La Fabrique du prince charmant
La Fabrique du prince charmant se présente comme un roman-photo au ton résolument décalé, superposant des dialogues actuels, façon mèmes ou dialectique de chats sur internet, sur des images kitsch de romans-photos des années 70. Le tout aborde frontalement les questions de féminisme et de déconstruction des figures masculines. Je ne suis déjà pas amateur de romans-photos à la base, et les images utilisées ici, volontairement ringardes, n'ont eu sur moi aucun effet nostalgique ni comique : elles me laissent complètement froid. Quant à l'histoire… en fait, il n'y en a pas. Juste une suite de saynètes construites autour des mêmes idées, sans réelle progression, sans début ni fin. Ce ne sont pas ni vraiment des gags, ni des récits complets : plutôt des micro-tranches de dialogues sans tension ni rebond. J'ai donc tenté de me raccrocher à l'humour des textes, à ce ton absurde et volontairement anachronique qui joue sur le contraste entre les images et les mots. Mais là encore, cela ne prend que partiellement. Certains échanges font sourire par leur absurdité, mais beaucoup m'ont semblé laborieux, comme trop conscients d’eux-mêmes, cherchant à faire moderne à tout prix en multipliant les clins d’œil aux réseaux sociaux ou à des manières de parler ultra-contemporaines. Et surtout, ça tourne en rond : toujours les mêmes angles, les mêmes obsessions, les mêmes effets de style. L’ensemble finit par devenir répétitif, lassant, et franchement ennuyeux bien avant la dernière page.

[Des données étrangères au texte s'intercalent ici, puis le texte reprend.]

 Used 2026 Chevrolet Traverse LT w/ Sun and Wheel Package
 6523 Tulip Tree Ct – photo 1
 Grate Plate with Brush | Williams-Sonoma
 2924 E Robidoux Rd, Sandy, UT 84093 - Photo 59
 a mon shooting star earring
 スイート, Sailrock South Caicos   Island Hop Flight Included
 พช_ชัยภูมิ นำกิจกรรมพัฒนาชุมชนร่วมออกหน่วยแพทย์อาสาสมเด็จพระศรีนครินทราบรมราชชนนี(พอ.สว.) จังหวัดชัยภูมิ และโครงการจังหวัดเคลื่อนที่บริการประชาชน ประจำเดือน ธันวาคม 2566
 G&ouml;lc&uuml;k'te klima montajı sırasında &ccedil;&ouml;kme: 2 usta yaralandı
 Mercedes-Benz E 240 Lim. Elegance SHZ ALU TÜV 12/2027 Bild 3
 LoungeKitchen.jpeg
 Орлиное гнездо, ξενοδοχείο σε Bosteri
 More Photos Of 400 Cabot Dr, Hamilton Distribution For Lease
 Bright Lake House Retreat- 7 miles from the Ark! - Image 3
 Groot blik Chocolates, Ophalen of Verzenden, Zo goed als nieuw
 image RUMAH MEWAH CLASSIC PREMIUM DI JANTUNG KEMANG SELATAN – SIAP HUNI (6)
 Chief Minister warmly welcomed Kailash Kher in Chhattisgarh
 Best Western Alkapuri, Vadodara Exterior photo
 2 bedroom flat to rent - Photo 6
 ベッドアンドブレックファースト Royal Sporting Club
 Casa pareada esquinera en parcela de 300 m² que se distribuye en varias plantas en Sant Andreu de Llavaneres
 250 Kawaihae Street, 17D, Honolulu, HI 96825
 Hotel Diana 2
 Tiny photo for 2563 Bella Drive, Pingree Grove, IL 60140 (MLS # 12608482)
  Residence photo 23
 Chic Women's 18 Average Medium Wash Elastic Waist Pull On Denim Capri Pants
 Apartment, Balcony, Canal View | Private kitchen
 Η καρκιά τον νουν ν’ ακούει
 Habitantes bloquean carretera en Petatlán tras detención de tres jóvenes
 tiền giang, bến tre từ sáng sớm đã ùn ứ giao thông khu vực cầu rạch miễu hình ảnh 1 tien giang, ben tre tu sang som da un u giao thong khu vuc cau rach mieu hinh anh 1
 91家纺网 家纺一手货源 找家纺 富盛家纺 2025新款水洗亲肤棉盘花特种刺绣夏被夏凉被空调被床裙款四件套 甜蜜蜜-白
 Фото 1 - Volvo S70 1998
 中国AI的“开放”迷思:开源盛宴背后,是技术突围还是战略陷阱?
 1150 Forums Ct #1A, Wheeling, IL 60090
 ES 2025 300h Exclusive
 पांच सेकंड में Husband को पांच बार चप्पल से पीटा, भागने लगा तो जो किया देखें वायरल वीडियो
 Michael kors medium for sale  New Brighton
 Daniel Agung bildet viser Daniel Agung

La Casati - La Muse égoïste
La Marquise Casati était un personnage fantasque et richissime du début du XXe siècle. Très jeune, elle avait décidé de devenir une œuvre d'art vivante, et elle a consacré son immense héritage à incarner cette idée, côtoyant de nombreux artistes et figures mondaines qu'elle fascinait par son apparence, ses extravagances et ses fêtes somptueuses. Je ne la connaissais pas du tout, et cette BD m'a permis de découvrir l'ensemble de sa vie. Il faut reconnaître qu'elle était vraiment singulière et a su faire preuve d'une créativité étonnante pour marquer les esprits, sans jamais sombrer dans la vulgarité. La BD rend bien cette personnalité hors norme, avec un ton juste et une élégance qui correspond parfaitement au sujet. Mais il est difficile de ne pas être aussi frappé par le malaise que suscite une telle débauche de moyens. Obsédée par son image et sa volonté de choquer ou d’éblouir, elle dépensait sans retenue pour nourrir cette mise en scène permanente. Du point de vue sociétal, il y a quelque chose de profondément dérangeant à voir une fortune aussi colossale dilapidée ainsi. Artistiquement, son parcours intrigue, mais face au gaspillage humain, financier et même animal qu’il implique, difficile d’y voir un simple geste artistique désintéressé. Cela donne surtout un éclairage cru sur la décadence d’un monde de privilégiés. Malgré tout, la Marquise Casati reste un personnage fascinant, jusqu’à la fin fidèle à sa démarche, continuant à incarner son mythe même ruinée. C’est une lecture intéressante, bien mise en scène, qui brille par son élégance formelle tout en laissant un arrière-goût d’inconfort face à cette époque et à ce qu’elle révèle.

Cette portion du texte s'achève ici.